Transcribe only the part of the material below that begins at the line containing "Kiné main : Frédéric" and ends at the line containing "Quiet folding exercise bike - bike:, 8", with both kept and images left out.

### SUPPLIED RECORDS
--------

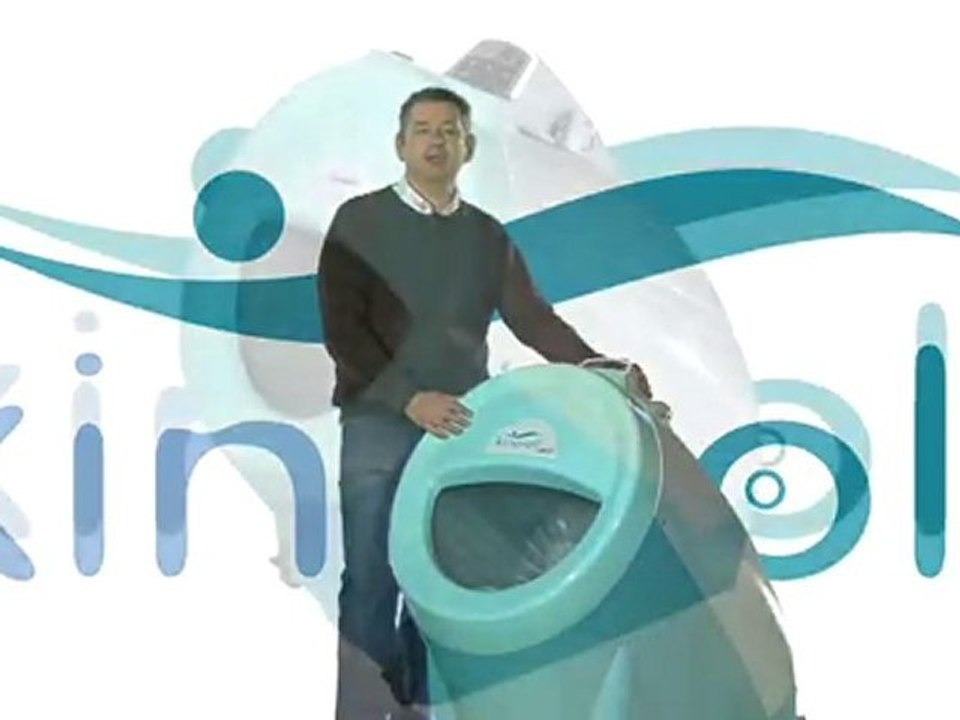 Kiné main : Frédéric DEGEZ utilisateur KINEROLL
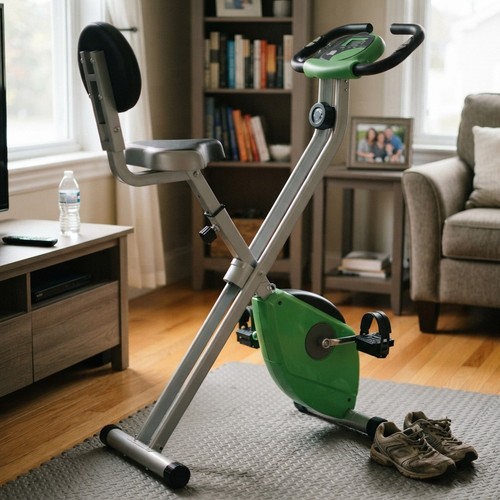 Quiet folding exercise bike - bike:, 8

--------

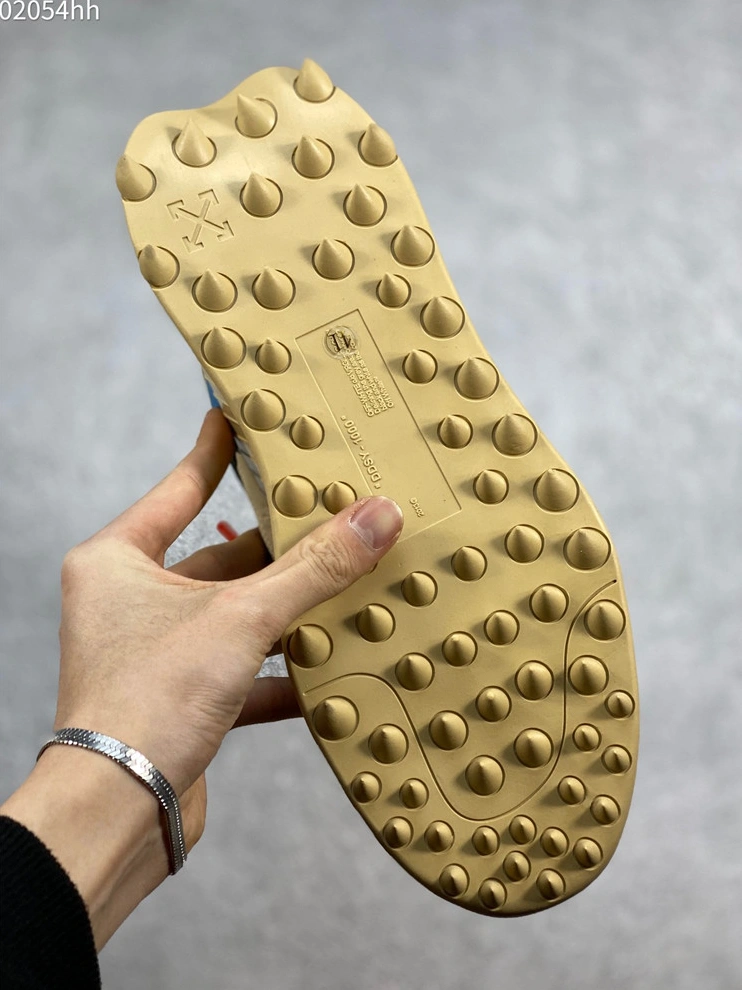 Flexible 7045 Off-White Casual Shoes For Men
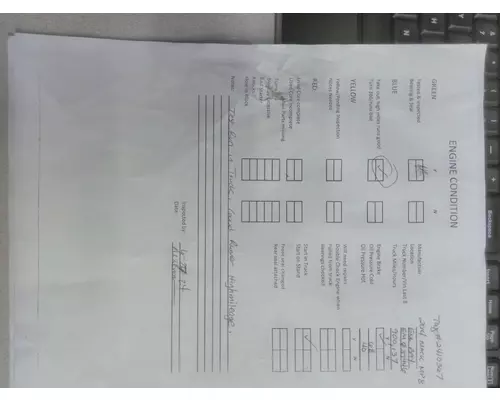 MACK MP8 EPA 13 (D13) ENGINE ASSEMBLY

--------

### ANSWER BOX
 Kiné main : Frédéric DEGEZ utilisateur KINEROLL
 Quiet folding exercise bike - bike:, 8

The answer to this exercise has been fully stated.